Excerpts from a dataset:
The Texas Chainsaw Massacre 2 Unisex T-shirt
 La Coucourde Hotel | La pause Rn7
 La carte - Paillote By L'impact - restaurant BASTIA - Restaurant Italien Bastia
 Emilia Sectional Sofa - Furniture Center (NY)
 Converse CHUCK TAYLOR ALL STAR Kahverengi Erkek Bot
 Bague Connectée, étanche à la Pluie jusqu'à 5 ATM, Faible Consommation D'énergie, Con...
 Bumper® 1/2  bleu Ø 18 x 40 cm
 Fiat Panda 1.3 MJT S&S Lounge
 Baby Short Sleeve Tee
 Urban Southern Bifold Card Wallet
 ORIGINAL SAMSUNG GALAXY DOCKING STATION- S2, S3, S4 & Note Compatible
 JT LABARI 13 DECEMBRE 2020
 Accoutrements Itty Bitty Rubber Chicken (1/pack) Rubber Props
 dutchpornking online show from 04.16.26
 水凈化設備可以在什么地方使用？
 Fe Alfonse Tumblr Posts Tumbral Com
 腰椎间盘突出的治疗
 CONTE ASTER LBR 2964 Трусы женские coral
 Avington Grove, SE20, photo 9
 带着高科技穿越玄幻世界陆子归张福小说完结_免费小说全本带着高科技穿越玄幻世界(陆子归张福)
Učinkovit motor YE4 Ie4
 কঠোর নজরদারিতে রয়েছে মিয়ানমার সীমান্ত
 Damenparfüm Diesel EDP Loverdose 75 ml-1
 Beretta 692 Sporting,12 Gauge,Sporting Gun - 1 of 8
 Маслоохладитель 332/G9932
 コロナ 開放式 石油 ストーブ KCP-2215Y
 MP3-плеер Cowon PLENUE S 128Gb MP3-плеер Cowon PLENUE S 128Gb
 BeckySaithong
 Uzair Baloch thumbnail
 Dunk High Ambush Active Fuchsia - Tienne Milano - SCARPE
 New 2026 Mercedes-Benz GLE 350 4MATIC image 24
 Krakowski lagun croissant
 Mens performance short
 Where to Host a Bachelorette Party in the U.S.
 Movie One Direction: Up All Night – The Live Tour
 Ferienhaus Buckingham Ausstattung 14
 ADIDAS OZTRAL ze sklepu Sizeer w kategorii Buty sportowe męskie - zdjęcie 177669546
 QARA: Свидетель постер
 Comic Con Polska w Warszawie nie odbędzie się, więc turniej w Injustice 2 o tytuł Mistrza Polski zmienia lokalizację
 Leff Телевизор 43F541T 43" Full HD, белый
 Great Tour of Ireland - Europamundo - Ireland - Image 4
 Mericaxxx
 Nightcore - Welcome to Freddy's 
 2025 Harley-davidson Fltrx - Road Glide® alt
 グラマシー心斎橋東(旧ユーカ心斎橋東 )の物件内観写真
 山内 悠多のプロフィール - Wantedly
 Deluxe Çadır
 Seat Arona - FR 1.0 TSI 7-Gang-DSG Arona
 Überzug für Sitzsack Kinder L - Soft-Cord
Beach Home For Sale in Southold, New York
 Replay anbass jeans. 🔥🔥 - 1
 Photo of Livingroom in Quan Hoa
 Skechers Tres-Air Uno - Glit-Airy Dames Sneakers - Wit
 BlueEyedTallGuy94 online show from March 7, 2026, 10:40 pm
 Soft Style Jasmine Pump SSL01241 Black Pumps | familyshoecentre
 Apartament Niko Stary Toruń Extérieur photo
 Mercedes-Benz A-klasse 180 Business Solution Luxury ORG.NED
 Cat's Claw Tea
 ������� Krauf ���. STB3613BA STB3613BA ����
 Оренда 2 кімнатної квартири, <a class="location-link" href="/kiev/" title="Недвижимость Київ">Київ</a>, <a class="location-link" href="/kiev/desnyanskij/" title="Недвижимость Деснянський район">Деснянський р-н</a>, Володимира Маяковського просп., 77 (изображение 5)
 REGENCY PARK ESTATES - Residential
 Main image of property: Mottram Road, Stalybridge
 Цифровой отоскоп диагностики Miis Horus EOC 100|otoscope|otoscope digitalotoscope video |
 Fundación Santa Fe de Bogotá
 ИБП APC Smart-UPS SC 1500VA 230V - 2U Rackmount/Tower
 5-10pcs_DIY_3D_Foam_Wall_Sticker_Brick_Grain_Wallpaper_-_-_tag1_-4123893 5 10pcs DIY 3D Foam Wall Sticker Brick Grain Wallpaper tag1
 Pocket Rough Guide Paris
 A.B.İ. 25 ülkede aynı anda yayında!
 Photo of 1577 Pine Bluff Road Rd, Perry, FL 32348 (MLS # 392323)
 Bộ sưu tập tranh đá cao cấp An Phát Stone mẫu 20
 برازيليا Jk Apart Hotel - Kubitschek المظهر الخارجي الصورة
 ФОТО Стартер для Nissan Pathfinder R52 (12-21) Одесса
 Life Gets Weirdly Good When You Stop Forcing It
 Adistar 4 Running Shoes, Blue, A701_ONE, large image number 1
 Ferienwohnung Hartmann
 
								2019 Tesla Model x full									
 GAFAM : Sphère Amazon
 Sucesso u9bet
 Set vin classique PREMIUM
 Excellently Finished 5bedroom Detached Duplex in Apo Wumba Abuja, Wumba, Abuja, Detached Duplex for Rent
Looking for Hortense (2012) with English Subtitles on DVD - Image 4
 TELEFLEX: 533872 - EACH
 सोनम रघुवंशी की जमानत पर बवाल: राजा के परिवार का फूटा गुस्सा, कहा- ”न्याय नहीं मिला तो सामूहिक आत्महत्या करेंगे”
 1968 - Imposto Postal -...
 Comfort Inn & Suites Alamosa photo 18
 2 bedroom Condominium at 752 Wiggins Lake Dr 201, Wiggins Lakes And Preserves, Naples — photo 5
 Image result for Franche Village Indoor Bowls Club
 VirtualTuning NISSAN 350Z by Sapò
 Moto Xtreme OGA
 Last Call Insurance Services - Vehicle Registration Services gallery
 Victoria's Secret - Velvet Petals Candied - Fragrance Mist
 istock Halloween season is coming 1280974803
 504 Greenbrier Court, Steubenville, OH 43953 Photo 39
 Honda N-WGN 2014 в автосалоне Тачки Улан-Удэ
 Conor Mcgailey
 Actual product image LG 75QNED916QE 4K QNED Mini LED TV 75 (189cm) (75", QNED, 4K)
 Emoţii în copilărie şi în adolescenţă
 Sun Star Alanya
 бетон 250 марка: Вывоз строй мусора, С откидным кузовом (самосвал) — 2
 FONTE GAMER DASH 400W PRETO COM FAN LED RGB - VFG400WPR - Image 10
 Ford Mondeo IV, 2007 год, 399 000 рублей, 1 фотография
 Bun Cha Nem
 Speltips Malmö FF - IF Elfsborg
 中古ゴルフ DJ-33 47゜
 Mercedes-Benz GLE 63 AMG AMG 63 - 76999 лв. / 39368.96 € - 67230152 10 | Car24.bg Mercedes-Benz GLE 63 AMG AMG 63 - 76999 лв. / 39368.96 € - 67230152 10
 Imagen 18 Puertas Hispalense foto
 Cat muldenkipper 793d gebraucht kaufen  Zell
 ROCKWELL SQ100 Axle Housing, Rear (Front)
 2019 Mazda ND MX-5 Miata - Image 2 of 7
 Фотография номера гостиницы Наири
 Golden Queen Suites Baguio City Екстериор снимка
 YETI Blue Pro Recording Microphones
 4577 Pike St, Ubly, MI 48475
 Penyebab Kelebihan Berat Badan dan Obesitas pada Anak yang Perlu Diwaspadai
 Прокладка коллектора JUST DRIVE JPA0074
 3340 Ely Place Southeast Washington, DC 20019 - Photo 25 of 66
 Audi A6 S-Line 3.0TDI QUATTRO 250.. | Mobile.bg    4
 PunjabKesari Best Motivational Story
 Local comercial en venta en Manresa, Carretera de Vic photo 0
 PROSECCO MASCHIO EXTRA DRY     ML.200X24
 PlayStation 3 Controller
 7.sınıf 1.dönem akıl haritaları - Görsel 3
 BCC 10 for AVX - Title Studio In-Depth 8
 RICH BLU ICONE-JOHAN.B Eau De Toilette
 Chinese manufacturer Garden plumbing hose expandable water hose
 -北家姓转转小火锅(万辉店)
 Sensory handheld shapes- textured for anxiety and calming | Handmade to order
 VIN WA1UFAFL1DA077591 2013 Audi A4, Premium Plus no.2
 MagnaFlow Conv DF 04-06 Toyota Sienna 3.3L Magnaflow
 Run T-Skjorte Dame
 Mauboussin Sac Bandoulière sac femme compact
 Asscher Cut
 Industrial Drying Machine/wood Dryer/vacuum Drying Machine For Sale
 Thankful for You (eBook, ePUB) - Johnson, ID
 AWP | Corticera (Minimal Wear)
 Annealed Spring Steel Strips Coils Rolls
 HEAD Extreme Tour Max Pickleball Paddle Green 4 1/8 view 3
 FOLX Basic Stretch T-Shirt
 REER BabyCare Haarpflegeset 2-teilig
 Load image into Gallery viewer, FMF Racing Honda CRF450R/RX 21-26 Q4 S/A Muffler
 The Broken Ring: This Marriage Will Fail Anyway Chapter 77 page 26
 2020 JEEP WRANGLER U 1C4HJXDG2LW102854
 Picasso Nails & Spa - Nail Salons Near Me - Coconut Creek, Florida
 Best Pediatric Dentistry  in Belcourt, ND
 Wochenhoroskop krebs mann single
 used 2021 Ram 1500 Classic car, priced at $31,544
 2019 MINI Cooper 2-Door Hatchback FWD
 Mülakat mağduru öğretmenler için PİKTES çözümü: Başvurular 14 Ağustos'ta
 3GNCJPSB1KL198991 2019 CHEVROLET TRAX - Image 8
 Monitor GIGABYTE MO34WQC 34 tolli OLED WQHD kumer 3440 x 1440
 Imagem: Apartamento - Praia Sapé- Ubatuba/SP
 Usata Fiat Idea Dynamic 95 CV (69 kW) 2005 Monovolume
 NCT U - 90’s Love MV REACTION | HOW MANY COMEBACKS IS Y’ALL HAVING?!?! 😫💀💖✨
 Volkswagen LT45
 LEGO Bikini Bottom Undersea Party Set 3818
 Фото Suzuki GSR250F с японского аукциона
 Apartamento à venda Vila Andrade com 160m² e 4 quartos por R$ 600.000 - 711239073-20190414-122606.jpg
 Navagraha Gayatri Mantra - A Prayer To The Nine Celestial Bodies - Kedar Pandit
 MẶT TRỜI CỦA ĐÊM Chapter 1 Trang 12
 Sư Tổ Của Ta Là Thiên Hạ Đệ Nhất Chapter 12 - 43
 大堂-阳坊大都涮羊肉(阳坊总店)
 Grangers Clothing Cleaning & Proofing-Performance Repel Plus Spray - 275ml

* [Work order]:
Only the lines from the one containing "Фото Suzuki GSR250F с японского аукциона" through the final line of the data belong in the answer, repeated exactly.

* [Completed task]:
 Фото Suzuki GSR250F с японского аукциона
 Apartamento à venda Vila Andrade com 160m² e 4 quartos por R$ 600.000 - 711239073-20190414-122606.jpg
 Navagraha Gayatri Mantra - A Prayer To The Nine Celestial Bodies - Kedar Pandit
 MẶT TRỜI CỦA ĐÊM Chapter 1 Trang 12
 Sư Tổ Của Ta Là Thiên Hạ Đệ Nhất Chapter 12 - 43
 大堂-阳坊大都涮羊肉(阳坊总店)
 Grangers Clothing Cleaning & Proofing-Performance Repel Plus Spray - 275ml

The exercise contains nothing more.